Specification of precise timing in synchronous dataflow models

Abstract

This paper proposes an extension to dataflow models with timing specifications to facilitate the construction of deterministic, platform independent, precisely timed models of software in cyber-physical systems (CPS). Dataflow models are often used to describe the software/cyber part of a CPS, owing to their succinct and analyzable representation of computation and concurrency. To capture the interaction of the cyber with the physical part, it is common practice to augment the dataflow model with nodes to represent physical sensors and actuators and handle the timing outside the dataflow model. However, the precise timing of these interactions is critical to the overall application behavior, and conventional dataflow models do not capture these timing requirements. In this work, we introduce timing configurations in dataflow models to specify when this communication between cyber and physical parts takes place. Timing specifications are derived from application requirements which are independent of the platform execution behavior. A correct implementation must fulfill the dataflow and timing requirements.

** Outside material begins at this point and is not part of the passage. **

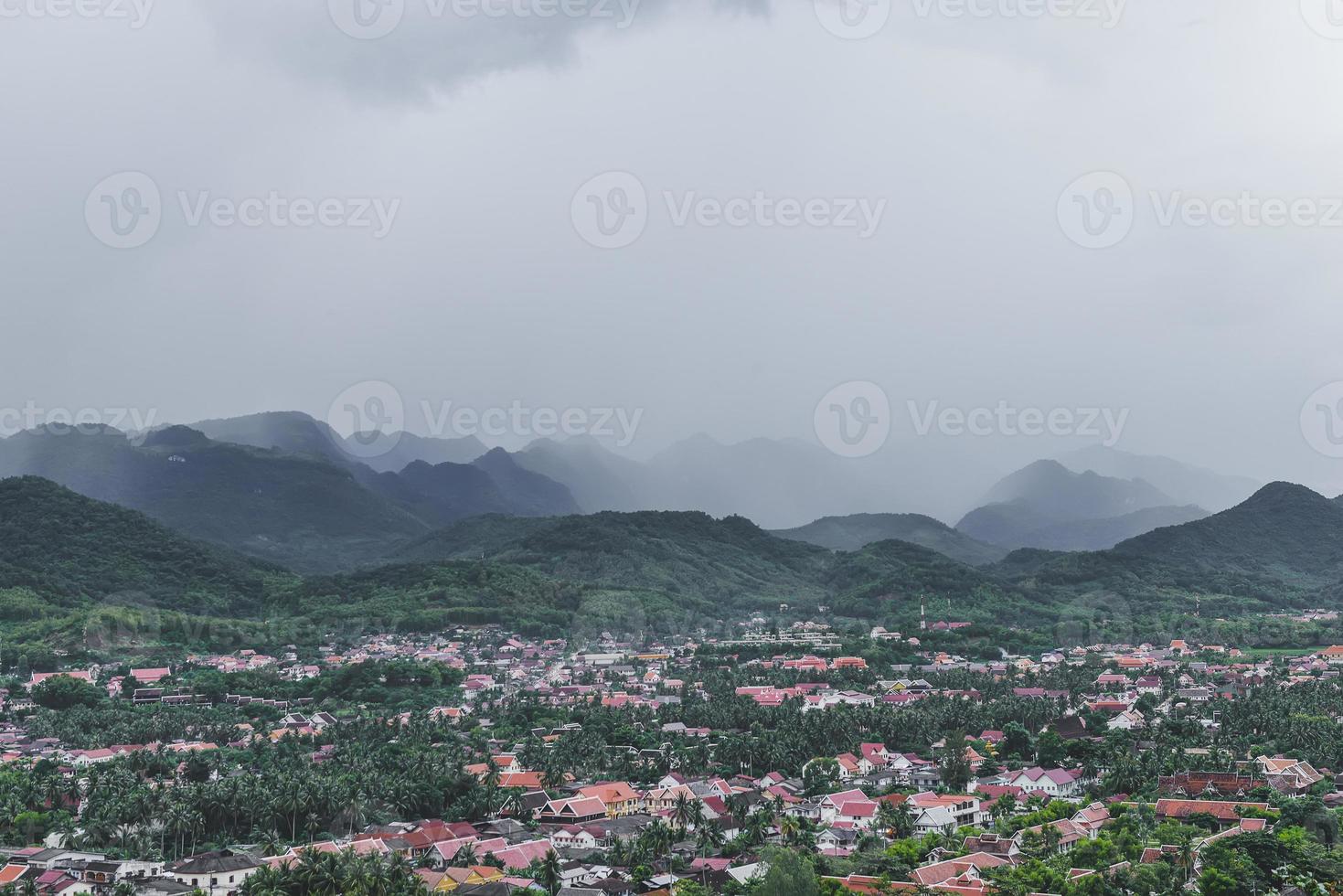 bovenaanzicht van de stad luangprabang in laos. foto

This paper discusses the extension of the well-studied Synchronous Dataflow (SDF) model with timing configurations, shows how traditional SDF analysis for consistency and deadlock freedom is adapted for this model, and discusses hierarchical composition and analysis of composite SDF nodes with timing configurations. We believe that a model for the cyber part of a CPS must allow for the specification of application timing behavior as an integral part of the model. Timing extensions for dataflow models accomplish this in a natural and comprehensible manner. By illustrating timing configurations for SDF, we lay the groundwork for their application to a variety of dataflow models.